Several hundred gathered at a funeral procession for a man shot dead when police and mourners clashed at an earlier funeral procession on Tuesday.
"We are requesting our rights in a peaceful way," said Bakr Akil, a 20 year-old university student, wearing a sheet stained with red ink that he said was a symbol of his willingness to sacrifice his life for freedom.
"I am optimistic that our big presence will achieve our demands," Akil said.
Women dressed in black abayas followed the procession with their own chants calling for peace and Bahraini unity.
Elsewhere in central Manama, witnesses say about 2,000 protestors had spent the night in tents at Bahrain's Pearl Roundabout, similar to the number marching on the streets a day earlier.
It remains to be seen whether the number would rise or fall during Wednesday. Some will have to return to work, after a public holiday on Tuesday to mark the Prophet Mohammed's birthday.
Police kept their distance, mostly confining themselves to a nearby dirt lot with dozens of SUV police vehicles. The ministry of Interior announced that all roads were open.
The demonstrators from Bahrain's Shi'ite majority say the ruling Sunni minority shuts them out of housing, healthcare and government jobs.
"The United States is very concerned by recent violence surrounding protests in Bahrain," State Department spokesman P.J. Crowley said in a statement. "We also call on all parties to exercise restraint and refrain from violence."

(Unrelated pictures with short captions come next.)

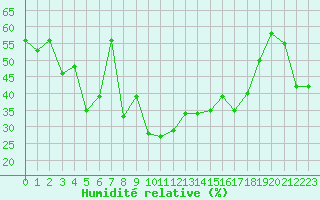 Courbe de l'humidit relative pour Chieming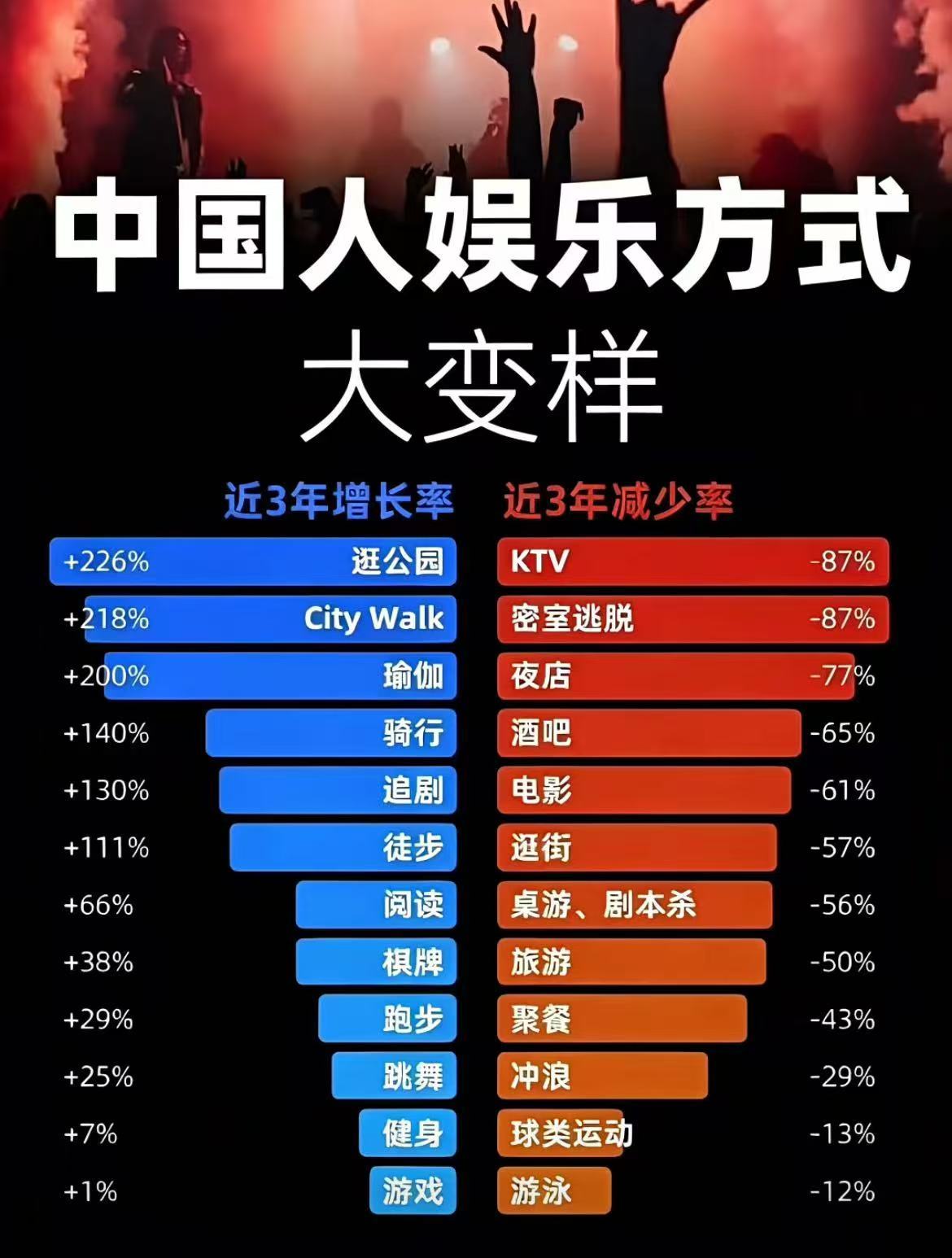 经济下行期，中国人娱乐方式大变样 
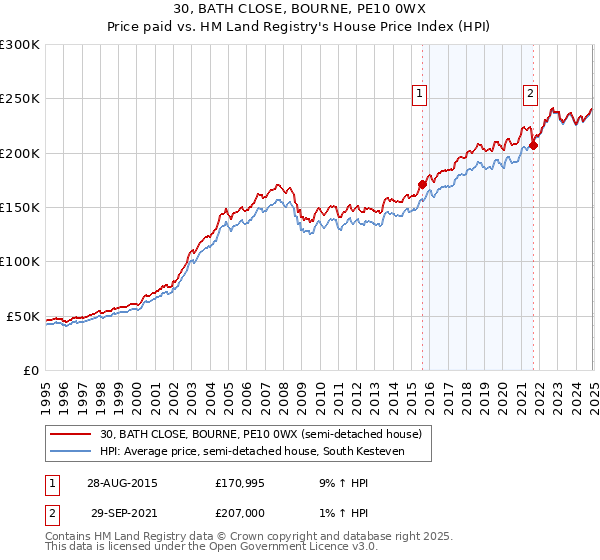 30, BATH CLOSE, BOURNE, PE10 0WX: Price paid vs HM Land Registry's House Price Index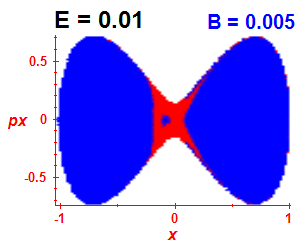 Section of regularity (B=0.005,E=0.01)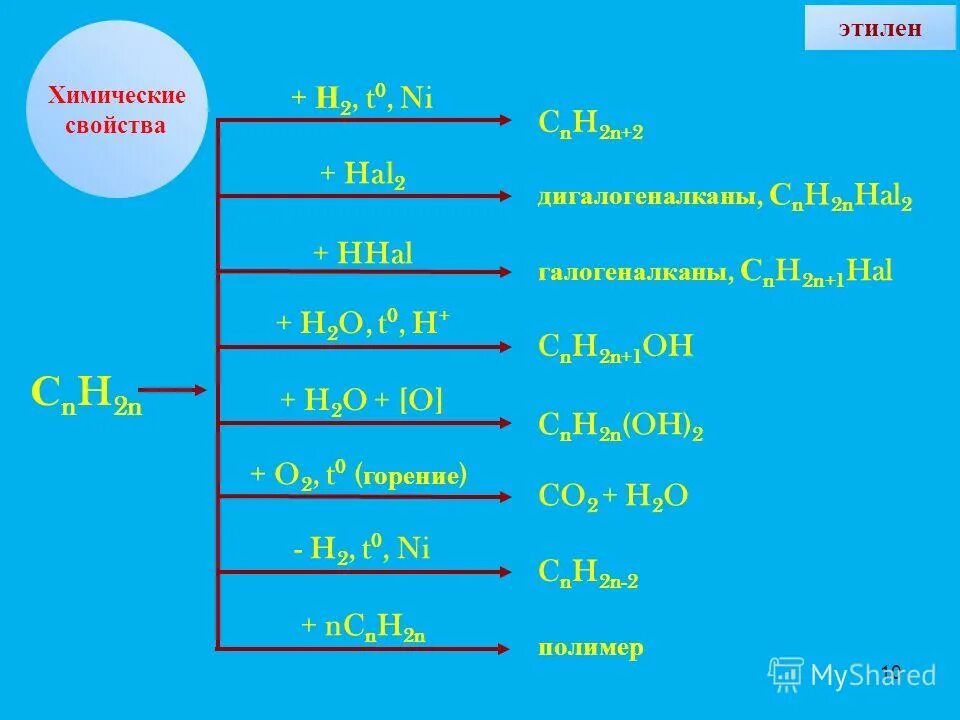 Уравнение реакции горения h2s. Уравнение реакции горения h2s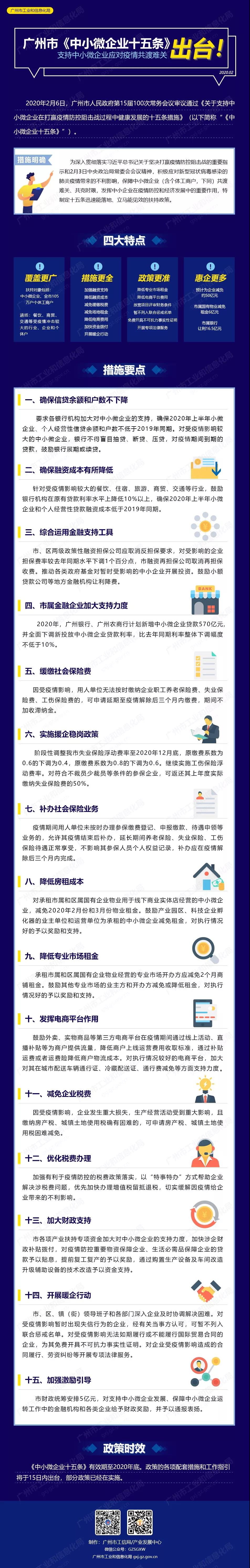 中小微企業十五條.jpg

The main Shi'ite opposition bloc Wefaq, which boycotted parliament to protest the clampdown by Sunni security forces, said it would hold talks with the government on Wednesday.
Protesters said their main demand was the resignation of Prime Minister Sheikh Khalifa bin Salman al-Khalifa, who has governed the Gulf Arab state since its independence in 1971.

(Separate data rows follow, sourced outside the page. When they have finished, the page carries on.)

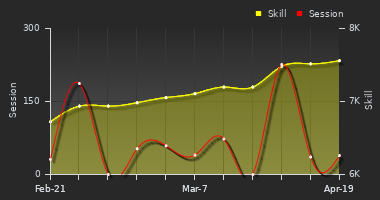 Player Trend Graph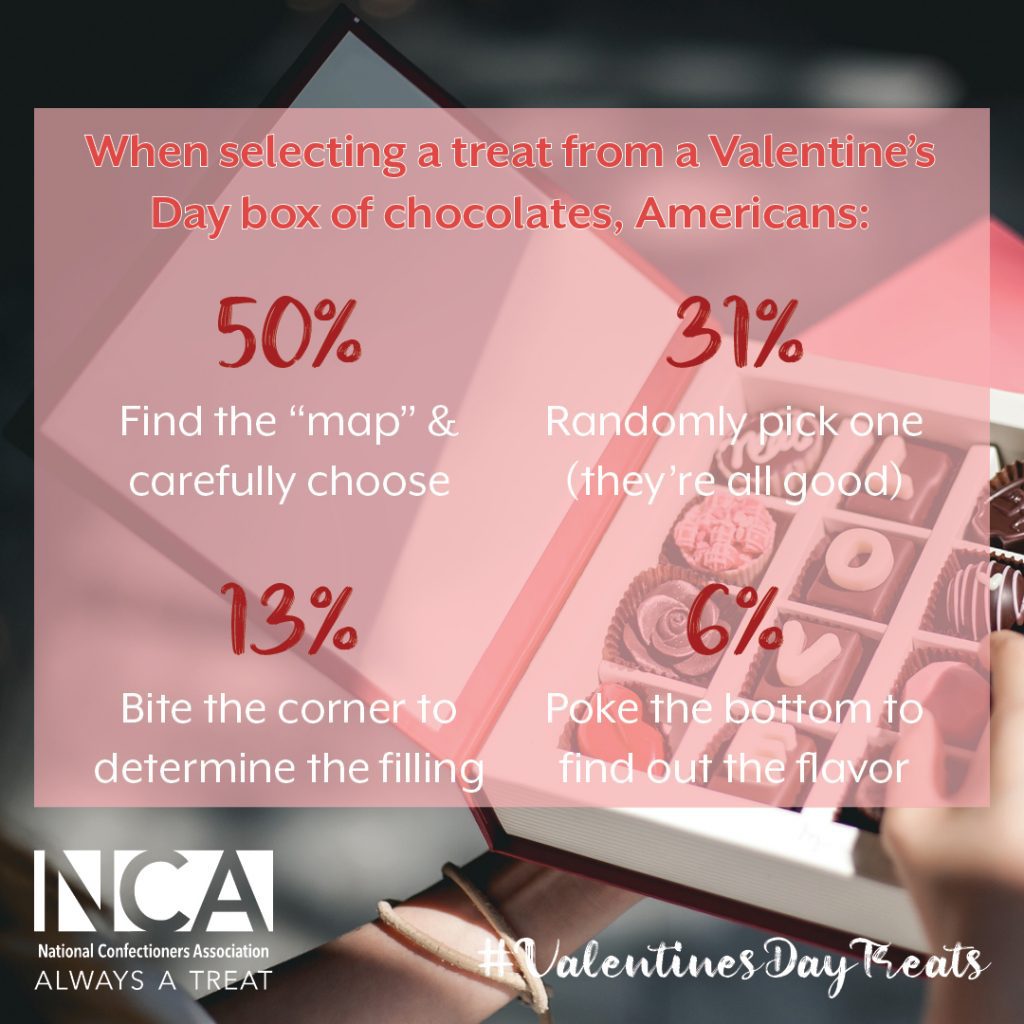 valentines day chocolate
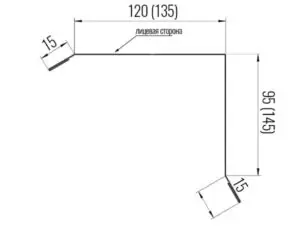 Торцевая планка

An uncle of King Hamad bin Isa al-Khalifa, he is thought to own much land and is seen as a symbol of the wealth of the ruling family.

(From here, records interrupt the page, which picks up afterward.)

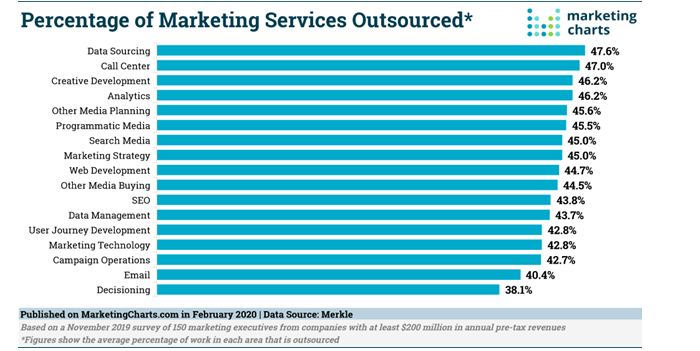 Things to Make Sure While Outsourcing to An Email Marketing Agency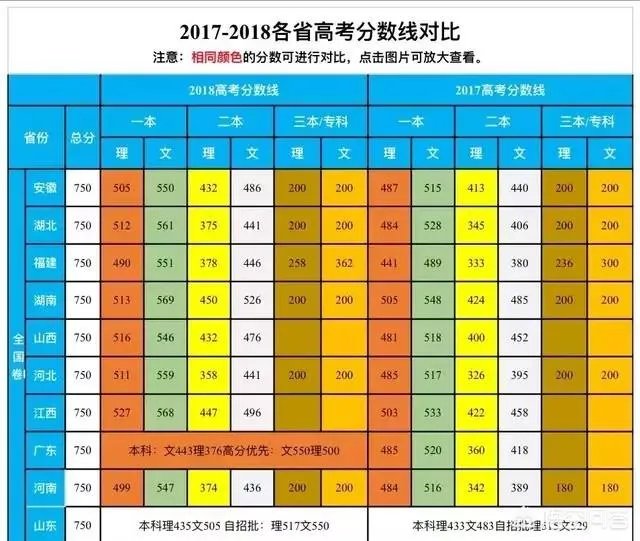 2019年高考分数线录取线会降吗？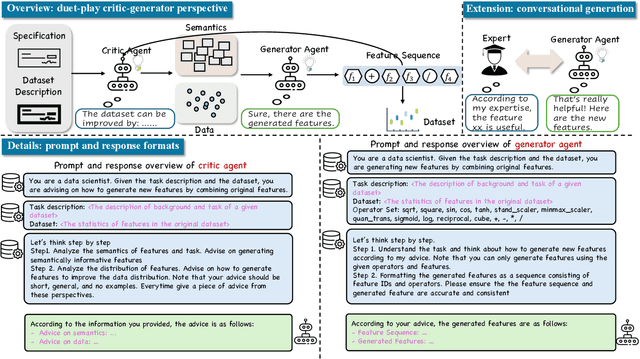 Figure 1 for Unsupervised Feature Transformation via In-context Generation, Generator-critic LLM Agents, and Duet-play Teaming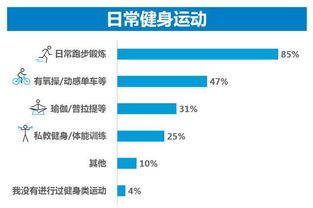 那些年我们交过的智商税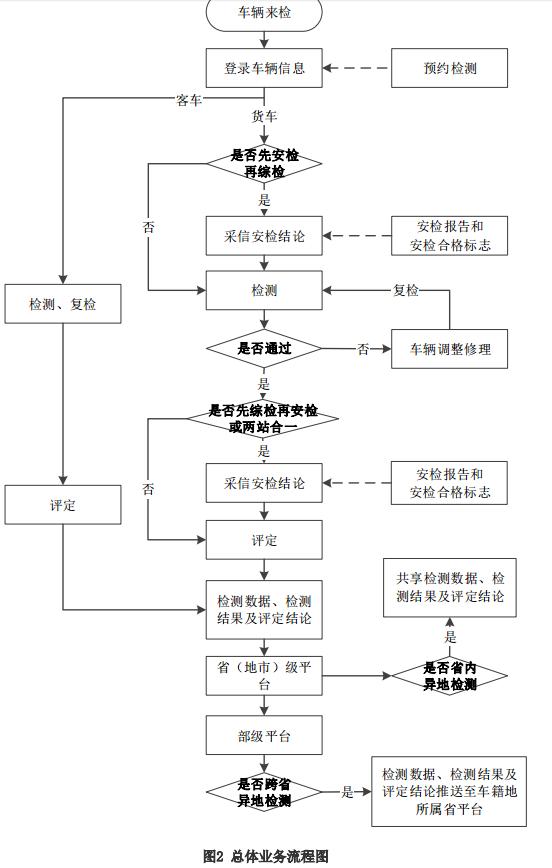 交通部發(fā)布道路運(yùn)輸車輛綜合性能檢測(cè)聯(lián)網(wǎng)技術(shù)要求8.jpg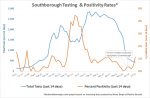 July 10 - Southborough Testing and Positivity Rates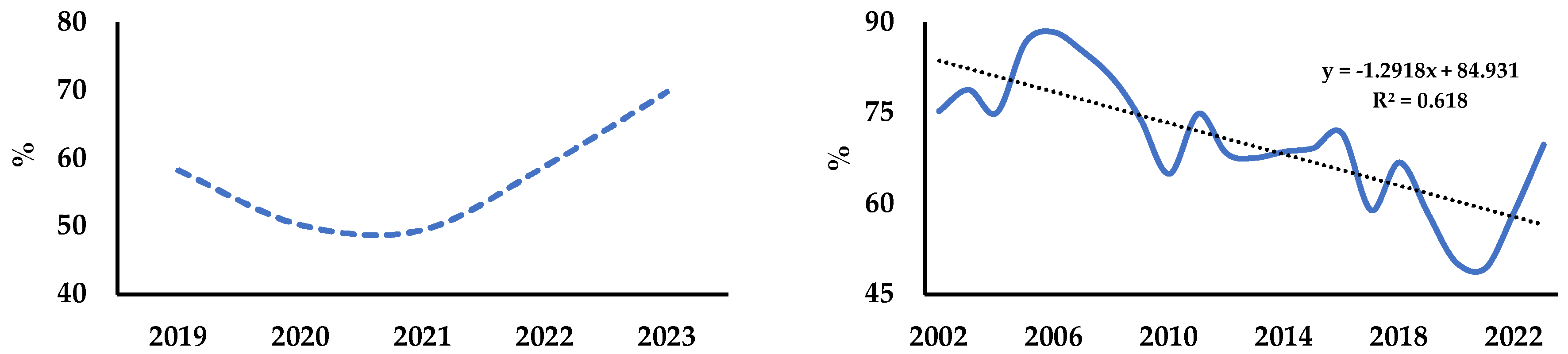 Sustainability 16 09373 g006 Sustainability 16 09373 g006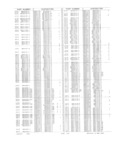 Next Page - Obsolete - Supercede - Interchange Manual FPS 7632-5 January 1994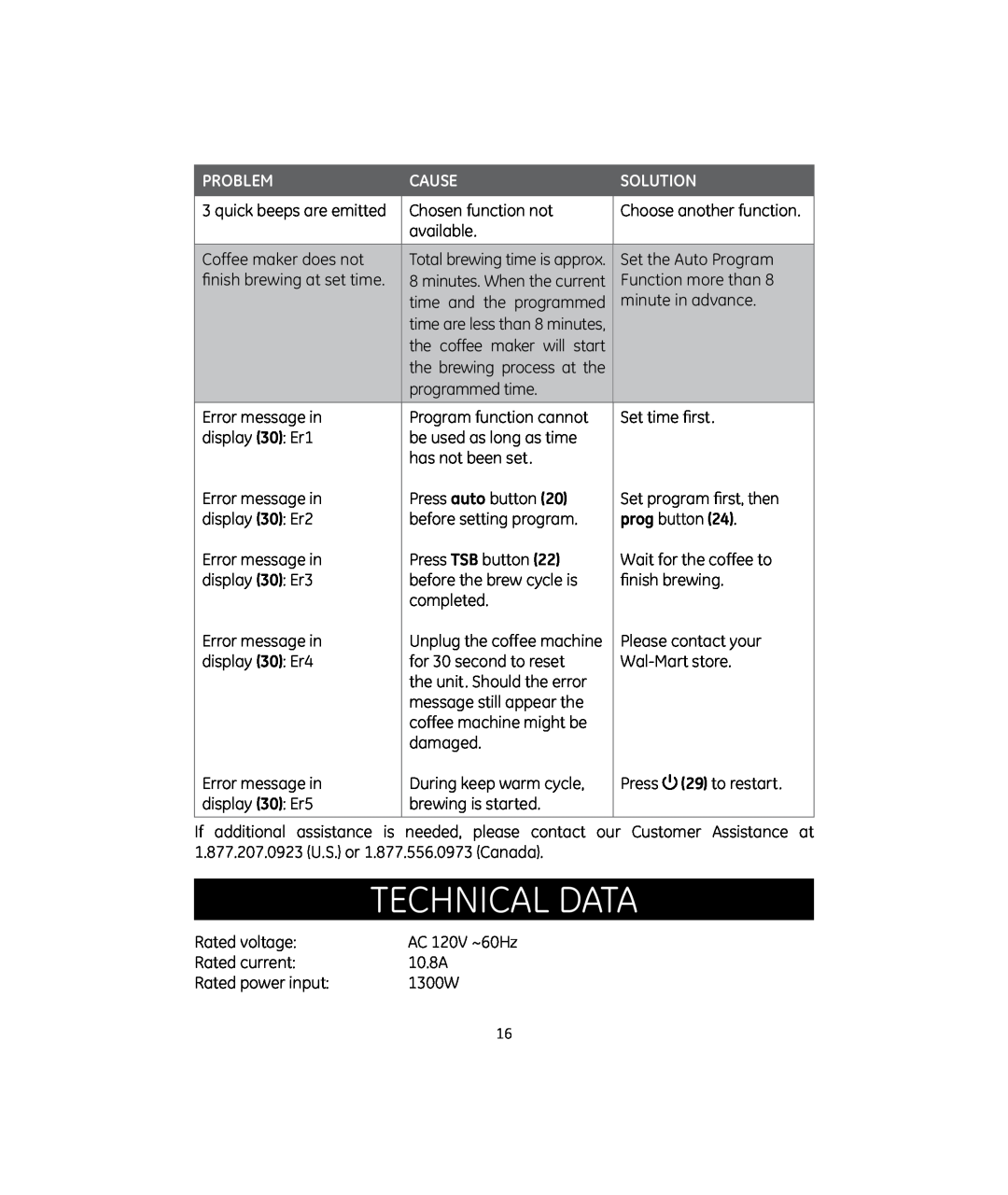 GE GE 169209, 681131692090 manual Technical data, prog button, Problem, Cause, Solution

Activists say they also want the release of political prisoners, which the government has promised, and the creation of a new constitution.
Poverty, high unemployment and alleged attempts by the state to grant citizenship to Sunni foreigners to change the demographic balance have intensified discontent among Bahrain's Shi'ites.
Around half of the tiny island kingdom's 1.3 million people are Bahraini, the rest being foreign workers.
Analysts say large-scale unrest in Bahrain, home to the U.S. Navy's Fifth Fleet and a regional offshore banking centre, could embolden marginalised Shi'ites in nearby Saudi Arabia, the world's biggest oil exporter.
King Hamad expressed his condolences for "the deaths of two of our dear sons" in a televised speech and said a committee would investigate the killings.
Bahrain, in a move appeared aimed at preventing Shi'ite discontent from boiling over, had offered cash payouts of around 1,000 dinars ($2,650) per family in the run-up to this week's protests.